A cheese pub. Given the rise in cheese consumption in the United States and the variety of ways it can be utilized in engaging the senses, cheese can play an important role in a store’s Experience Economy model. This year’s Show and Sell will feature a cheese pub, focusing on concepts such as: small plate and snacking ideas, such as open-faced melted cheese sandwiches on artisan bread, and artisan toast featuring combo toppings like Manchego/artichoke/roasted red pepper and Gorgonzola/arugula/balsamic glaze; an educational tasting counter showcasing cheese board concepts, as well as cheese and beverage pairings; tapas and portable food ideas, featuring artisan cheeses, breads, crackers, and charcuterie; and cheese tray entertaining creations. 

Foodservice evolution. Prepared meal options not only are becoming increasingly common at food retailers, they can also play an important role in attracting and engaging shoppers through sights, sounds, and smells. In-store food service can provide the in-store experience more and more shoppers are looking for. On trend with the emerging grocerant model, this year’s Show and Sell will feature the BOOM! Kitchen, a concept where shoppers can select quick made-to-order cuisine and enjoy it in a special seating area. Another concept this year is the Pop-Up Wok, a flexible station that could feature on-trend cuisines or local chefs to give shoppers a unique experience.

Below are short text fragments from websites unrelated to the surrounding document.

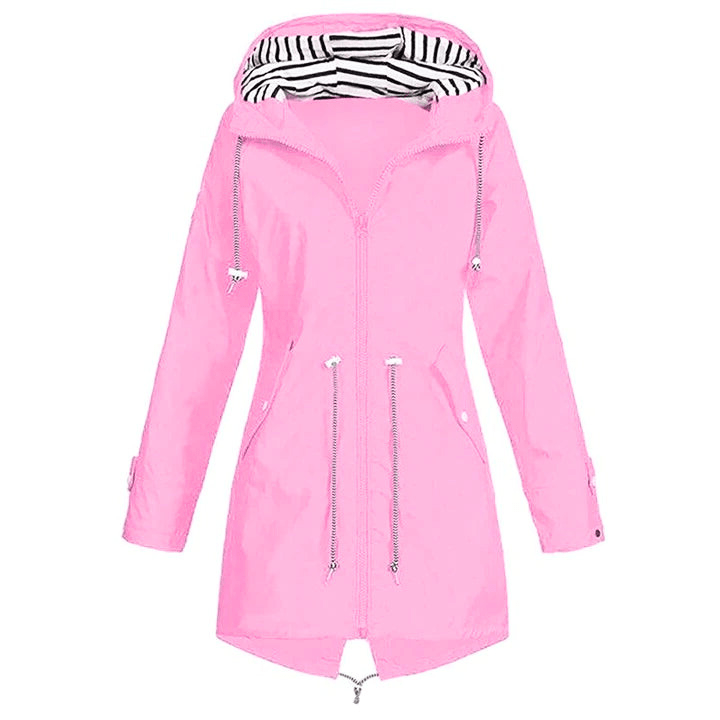 Levoire | Veste de luxe femmes déperlant et coupe-vent femmes long manteau de pluie Rosa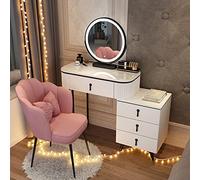 QYYZTQY tocador Maquillaje Consejo Mesa Luces Mirador Espejo con cajones y taburetes Acolchados para la decoración Estudio de Dormitorio White+Black Edge 80 cm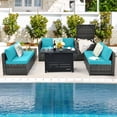 thumbnail image 4 of Patiojoy 9 PCS Rattan Dinning Set Wicker Sofa w/Propane Gas Fire Pit 60,000 Btu Heater Turquoise, 4 of 10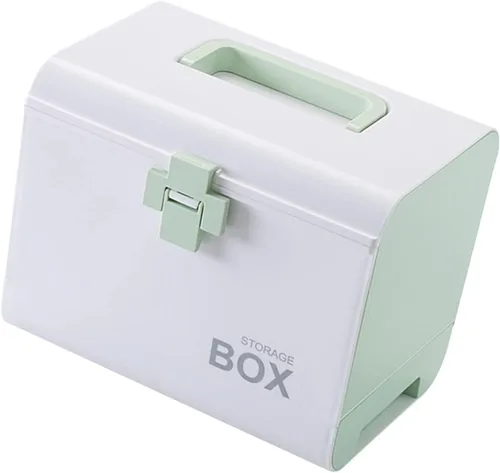 Vista 11 de IMIKEYA Caja de almacenamiento de medicina botiquín de primeros auxilios Caja de almacenamiento Material plástico Pastilla Cajón de medicamentos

Deli exploration. A store’s deli department is an ideal location for engaging shoppers with new food and flavor trends; it’s a place where shoppers can explore dining options for all dayparts, including snacking. Show and Sell attendees will view concepts that they can readily implement at their own stores for engaging with today’s shopper explorers. Among the concepts planned are: sandwich ideas that reflect current eating trends and tastes, including wedge sandwiches, wraps, breakfast-anytime options, and sliders (which supports the growing demand for snacking choices) that incorporate ethnic/international flare, such as Italian Piadina, Cuban, Bahn Mi, Korean pulled pork, Num Pang, and vegetarian options. Offering meal customization is another way to engage today’s shoppers, and Show and Sell is supporting this trend through a build-your own lunch/snack service whereby shoppers pick two, three, or four hot or cold grab-and-go, snack-sized products, and a build-your-own salad service. New ways of using charcuterie—think pizza, salad, and sandwiches—will also be highlighted. 

Cake design and “cakescape”: Entertaining is not confined to the physical store. It can be brought to the home, office, or an event in the form of cakes.  Attendees passing through the Show and Sell Cake Studio will see captivating and creative cakes ideas that appeal not just for traditional occasions (like birthdays and graduations), but also more everyday celebrations. Maybe it’s an anniversary at work. Or perhaps a small recognition cake for a child’s accomplishment. And they can co-create and experience the fun of designing their own personalized cake by mix-and-matching flavor combos, such as salty, sweet, and bitter. Additionally, the Cake Shoppe will feature a “cakescape” display, an interactive creation with a California theme that will grow and transform throughout the three-day show. It will be another example of engaging shoppers through the Experience Economy model.

As in past years, Show and Sell will also feature a full lineup of well-known industry speakers in the Show and Sell Workshop. Presenters will share their knowledge and expertise on a variety of techniques and concepts, ranging from how-to cooking demonstrations from celebrity chefs to informative sessions on how to energize your staff. Among the speakers in attendance this year are: Giada De Laurentiis, chef, writer, television personality, and Food Network host; Harold Lloyd, speaker, presenter, and mentor in the retail food industry.; Doug Rauch, founder of Daily Table and former president of Trader Joe’s.

Change is not something to fear. It’s something to embrace, especially given the numerous and untapped opportunities supermarkets should capitalize on in today’s Experience Economy.